> **Problem**
Only those lines from the one with "this 1200×630 image." through the last line of the material below should be output, each exactly as it appears.

> **Data for the task**
══════

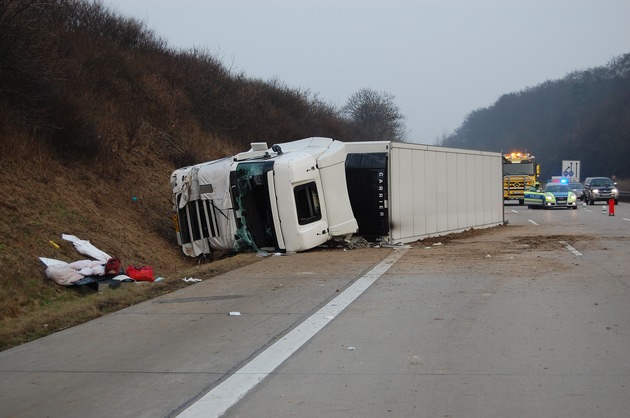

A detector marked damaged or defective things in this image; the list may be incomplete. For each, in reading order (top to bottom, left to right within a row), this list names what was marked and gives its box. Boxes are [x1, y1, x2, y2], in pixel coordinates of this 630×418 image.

overturned semi truck [170, 137, 506, 256]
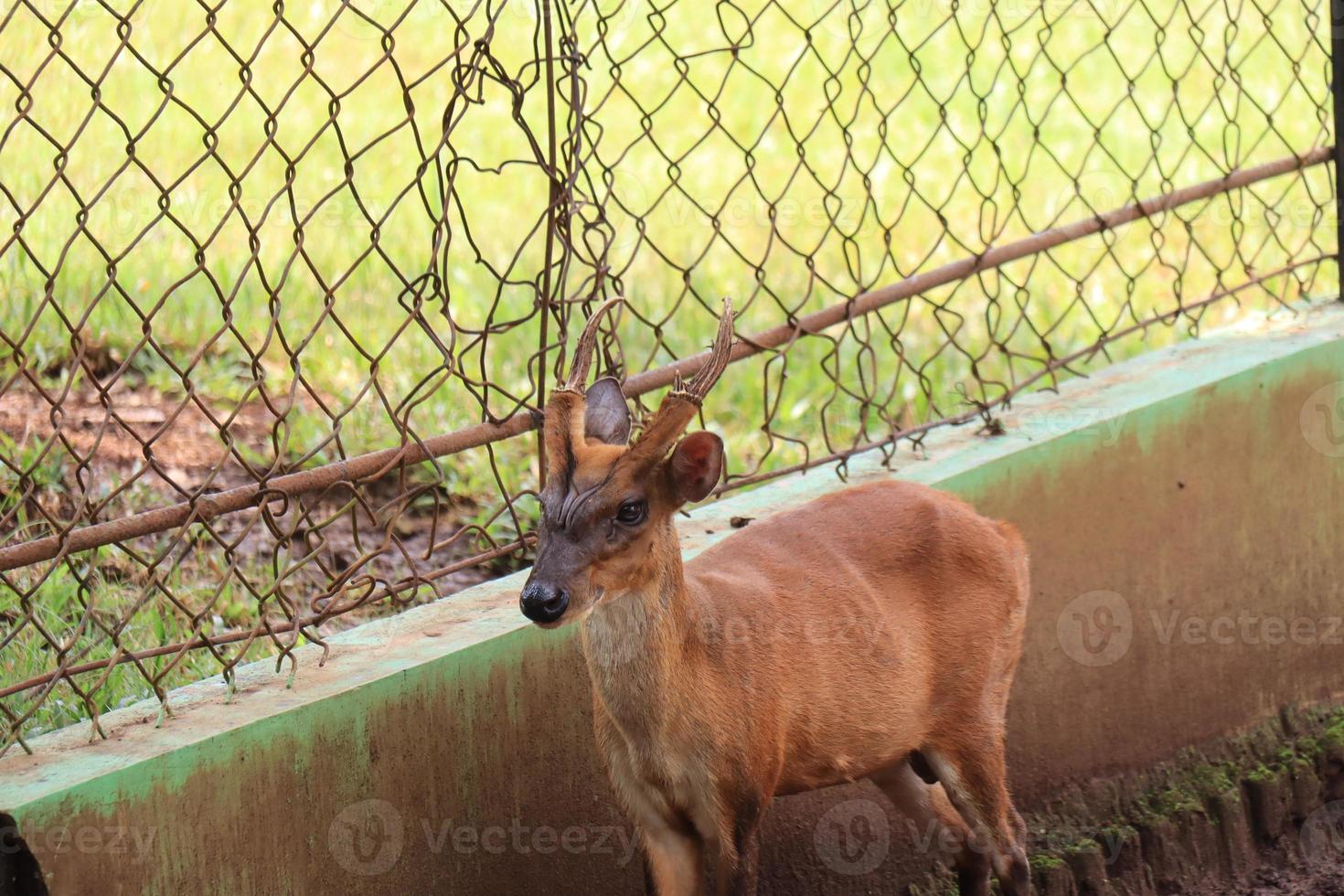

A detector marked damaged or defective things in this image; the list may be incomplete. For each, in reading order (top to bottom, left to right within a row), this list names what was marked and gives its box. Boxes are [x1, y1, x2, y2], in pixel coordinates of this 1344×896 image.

rusted metal bar [0, 143, 1322, 571]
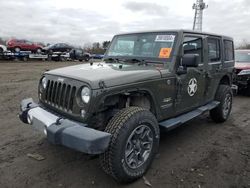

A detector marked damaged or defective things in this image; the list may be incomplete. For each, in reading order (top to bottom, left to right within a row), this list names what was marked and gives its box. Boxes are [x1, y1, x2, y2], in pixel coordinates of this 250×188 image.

damaged front bumper [20, 98, 112, 154]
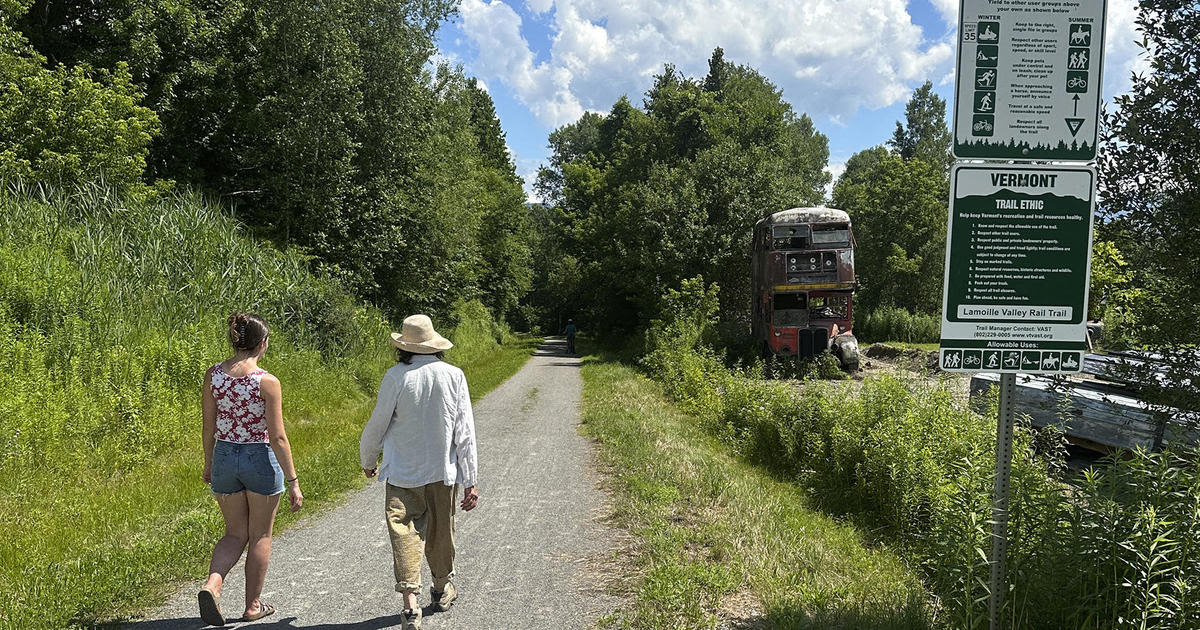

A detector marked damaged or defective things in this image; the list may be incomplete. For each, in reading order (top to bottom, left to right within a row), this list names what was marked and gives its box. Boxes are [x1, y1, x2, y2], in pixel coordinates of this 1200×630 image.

rusty double-decker bus [753, 207, 859, 369]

══════

> **Result of this exercise**
A detector marked damaged or defective things in this image; the list may be incomplete. For each, in reading order (top to bottom, left to right within a row), this list names what was marked and gives its box. Boxes are [x1, y1, x2, y2], in pixel coordinates of this 1200×630 image.

rusty double-decker bus [753, 207, 859, 369]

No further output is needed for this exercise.